California will eventually fall into the ocean.

FICTION: The ocean is not a great hole into which California can fall, but it is itself land at a somewhat lower elevation with water above it. It’s absolutely impossible that California will be swept out to sea. Instead, southwestern California is moving horizontally northward towards Alaska as it slides past central and eastern California. The dividing point is the San Andreas fault system, which extends from the Salton Sea in the south to Cape Mendocino in the north. This 800 mile long fault is the boundary between the Pacific Plate and North American Plate.

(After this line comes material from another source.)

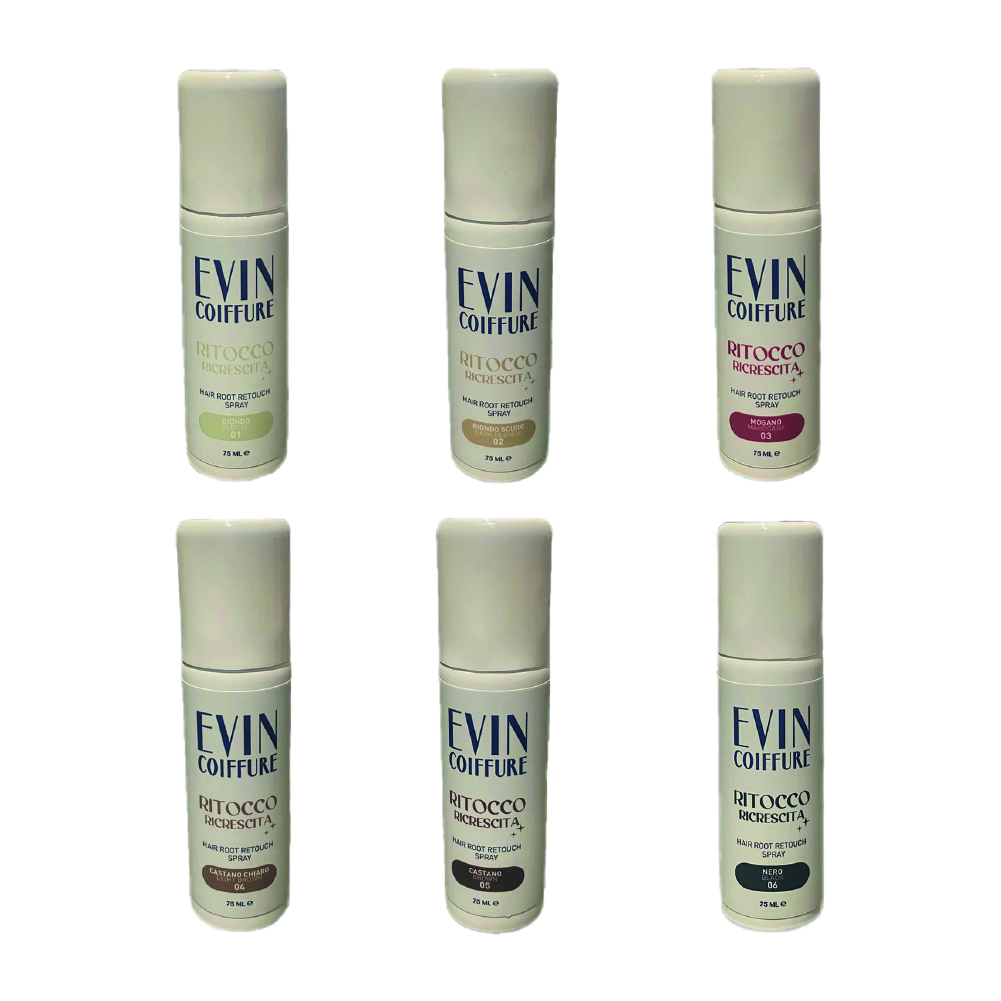evin coiffure ritocco spray capelli.jpg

The Pacific Plate is moving to the northwest with respect to the North American Plate at approximately 46 millimeters (two inches) per year (the rate your fingernails grow). At this rate, Los Angeles and San Francisco will one day (about 15 million years from now) be next-door neighbors, and in an additional 70 million years, Los Angeles residents will find themselves with an Alaska zip code!

 

http://www.geol.lsu.edu/Faculty/Juan/PhysicalGeology_F2004/Megaquake/calif.gif

 

So, if they're correct... You'll be further away from the ocean in about 15 millions years. :p

 

-Mike-

 

Hey man...don't squash my dreams of vastly increasing the calue of my home. Of course I was not being serious...just silly. I had it explained to me once as a giant zipper working its way up the coast. Baja California used to be attached and there was no Gulf of California until the San Andreas fault slowly unzipped the land away.